Bölge sakinlerinden Şahabettin Demir, bir süre önce Zilan Elektrik Üretim Anonim Şirketi tarafından hayata geçirilmek istenilen projeye ilişkin Çevre ve Şehircilik Bakanlığı’nın verdiği “Çevresel Etki Değerlendirmesi (ÇED) gerekli değildir” kararını Van 1’inci İdare Mahkemesi’ne taşıdı. Demir, yaptığı başvuruda ÇED kararının hukuka aykırı olduğunu ve çevreye olan etkilerinin değerlendirilmediğini kaydetti. Çevre ve Şehircilik Bakanlığı ise, mahkemeye gönderdiği savunmada “ÇED gerekli değildir” kararını savundu. Bakanlık, dava konusu işlemin mevzuata uygun olduğunu ileri sürerek, davanın reddini istedi.
Menfaat ilişkisi yokmuş!
Bir üyenin karşı oyuna karşı “oyçokluğu” ile yapılan başvuruyu reddeden mahkeme, kararında iptal davasının açılabilmesi için “menfaat ilişkisi, meşru ve güncel bir menfaatin bulunması” gerektiğini belirterek, aksi halde bu durumun idarenin işleyişini olumsuz etkileyeceğini ileri sürdü.
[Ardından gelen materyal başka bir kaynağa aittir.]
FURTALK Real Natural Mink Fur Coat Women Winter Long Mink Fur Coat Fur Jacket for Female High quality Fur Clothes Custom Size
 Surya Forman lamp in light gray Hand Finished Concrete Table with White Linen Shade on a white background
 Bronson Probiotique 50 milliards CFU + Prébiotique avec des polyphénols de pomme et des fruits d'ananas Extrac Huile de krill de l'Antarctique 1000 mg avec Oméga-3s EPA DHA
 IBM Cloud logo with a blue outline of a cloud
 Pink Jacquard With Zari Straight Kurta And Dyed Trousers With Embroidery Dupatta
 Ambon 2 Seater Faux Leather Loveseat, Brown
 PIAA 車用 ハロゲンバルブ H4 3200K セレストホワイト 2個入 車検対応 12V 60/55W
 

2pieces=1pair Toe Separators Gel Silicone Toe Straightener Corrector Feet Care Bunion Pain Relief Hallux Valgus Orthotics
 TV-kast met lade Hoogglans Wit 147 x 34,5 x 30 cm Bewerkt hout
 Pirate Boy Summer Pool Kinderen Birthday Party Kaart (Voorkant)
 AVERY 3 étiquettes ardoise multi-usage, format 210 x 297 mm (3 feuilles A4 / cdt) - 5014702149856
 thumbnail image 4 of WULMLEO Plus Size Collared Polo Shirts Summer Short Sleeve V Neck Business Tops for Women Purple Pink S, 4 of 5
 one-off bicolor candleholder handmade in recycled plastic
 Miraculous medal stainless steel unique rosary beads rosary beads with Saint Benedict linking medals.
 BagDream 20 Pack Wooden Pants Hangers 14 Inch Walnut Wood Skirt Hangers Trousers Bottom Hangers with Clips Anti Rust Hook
Dava konusu proje alanının davacı Demir’in ikamet ettiği Koçköprü Mahalle sınırına uzak bir mesafede bulunduğunu belirten mahkeme, başvuruyu “ehliyet yönünden” ret etti.
‘Üst mahkemeye taşıyacağız’
Mahkemenin verdiği karara tepki gösteren davacı ve aynı zamanda Zilan Ekoloji Platformu Sözcüsü Şahabbetin Demir, 20 yerleşim yeri sakinlerinin itirazlarına rağmen HES çalışmasının devam ettiğine dikkat çekti. Firma isminin Zilan A.Ş. olmasının manidar olduğunu ifade eden Demir, “Katliamın yapıldığı yere Zilan A.Ş. tabelası diktiler. Buna karşı çıktığımızı belirtmek istiyoruz” dedi.
Firmaya karşı çıkan birçok bölge sakinin askerler tarafından tehdit edildiğini ve baskı altına alındığını kaydeden Demir, mahkemenin “ehliyet” gerekçesine ilişkin ise şunları söyledi: “Bu karara itiraz ederek üst mahkemelere taşıyacağız. HES, hayvancılık noktasında beni etkiliyor. Bölgede yüzlerce endemik bitki var. HES ile birlikte yok olma tehlikesi ile karşı karşıyalar. Yine vadide samuru var ve bıyıklı balıklar var. Bunlar mahvolacak. Yaylalarımız bitecek, koyunlarımız zehirlenecek.”